In the third blog in SPERI’s new series on ‘The Coming Crisis’ Scott Lavery examines three areas of imbalance in the Eurozone and argues that the single currency area remains vulnerable to a future economic downturn
For the past six years, the Eurozone area has been mired in a protracted economic and social crisis. However, no convincing solution to the euro’s difficulties is yet in sight.
Whilst the policy fixes advanced by European policymakers have thus far averted a break-up of the single currency, they have also consolidated a series of structural imbalances and profound weaknesses within the emergent framework of European capitalism.

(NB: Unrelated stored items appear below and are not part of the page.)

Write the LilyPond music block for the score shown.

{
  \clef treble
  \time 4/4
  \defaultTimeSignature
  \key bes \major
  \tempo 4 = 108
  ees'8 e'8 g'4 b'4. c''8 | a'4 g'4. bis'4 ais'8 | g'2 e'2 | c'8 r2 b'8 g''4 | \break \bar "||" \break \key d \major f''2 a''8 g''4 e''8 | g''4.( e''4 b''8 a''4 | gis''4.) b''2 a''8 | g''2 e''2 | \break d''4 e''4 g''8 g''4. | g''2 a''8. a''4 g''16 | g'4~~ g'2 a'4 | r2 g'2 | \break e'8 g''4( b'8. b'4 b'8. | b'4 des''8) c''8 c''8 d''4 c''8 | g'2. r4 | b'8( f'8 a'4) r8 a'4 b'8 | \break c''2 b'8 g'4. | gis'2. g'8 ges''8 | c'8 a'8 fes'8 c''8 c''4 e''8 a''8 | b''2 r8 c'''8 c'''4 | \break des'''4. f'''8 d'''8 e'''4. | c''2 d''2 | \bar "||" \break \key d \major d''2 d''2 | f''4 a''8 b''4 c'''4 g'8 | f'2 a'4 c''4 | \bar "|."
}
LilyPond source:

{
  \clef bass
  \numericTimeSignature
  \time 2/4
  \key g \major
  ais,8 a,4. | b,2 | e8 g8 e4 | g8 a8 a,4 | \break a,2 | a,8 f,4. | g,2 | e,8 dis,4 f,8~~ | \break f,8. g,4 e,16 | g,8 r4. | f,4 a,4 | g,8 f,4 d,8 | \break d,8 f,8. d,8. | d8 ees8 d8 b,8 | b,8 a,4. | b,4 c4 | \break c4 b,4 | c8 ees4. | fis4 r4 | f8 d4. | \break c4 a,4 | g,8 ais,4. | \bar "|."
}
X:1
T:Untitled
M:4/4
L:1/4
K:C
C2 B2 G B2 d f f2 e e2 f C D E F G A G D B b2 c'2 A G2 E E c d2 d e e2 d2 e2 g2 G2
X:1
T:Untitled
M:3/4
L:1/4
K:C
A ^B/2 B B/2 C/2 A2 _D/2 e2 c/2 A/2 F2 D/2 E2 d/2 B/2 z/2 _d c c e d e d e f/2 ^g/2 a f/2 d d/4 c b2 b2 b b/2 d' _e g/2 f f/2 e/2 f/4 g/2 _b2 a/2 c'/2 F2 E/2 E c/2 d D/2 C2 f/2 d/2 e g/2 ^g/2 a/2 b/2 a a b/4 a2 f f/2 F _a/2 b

These imbalances render the Eurozone particularly vulnerable to a future global downturn.
Three areas of major imbalance stand-out in particular.
First, the Troika’s programme of protracted austerity has produced huge economic and social upheaval. It has been calculated that once fiscal multipliers – the ‘knock-on effects’ of large spending cuts – are taken into account, fiscal consolidation reduced Eurozone GDP by 7.7 per cent in 2013 alone. The effect of this on those countries which were subject to conditionality programmes has been devastating. From 2010 onwards, GDP fell in Greece by 23.5 per cent and investment dropped by a staggering 58.4 per cent. As growth plummeted, Greece’s debt-to-GDP ratio rose substantially, even as it ran primary budget surpluses. In February of this year, Greece slipped back into recession, weighed down by an unrepayable debt burden and unable to stimulate its economy through expansionary measures.
Elsewhere on the Eurozone periphery, trouble bubbles under the surface. Portugal – often held-up as the ‘good pupil’ of Eurozone austerity – has a government debt level of over 129 per cent. A recent IMF report emphasised that a small change in market sentiment could “render Portugal’s capacity to repay [its debts] more vulnerable”. In this context, Portuguese bond yields rose to a two year high in April as investors questioned the durability of the country’s putative economic recovery.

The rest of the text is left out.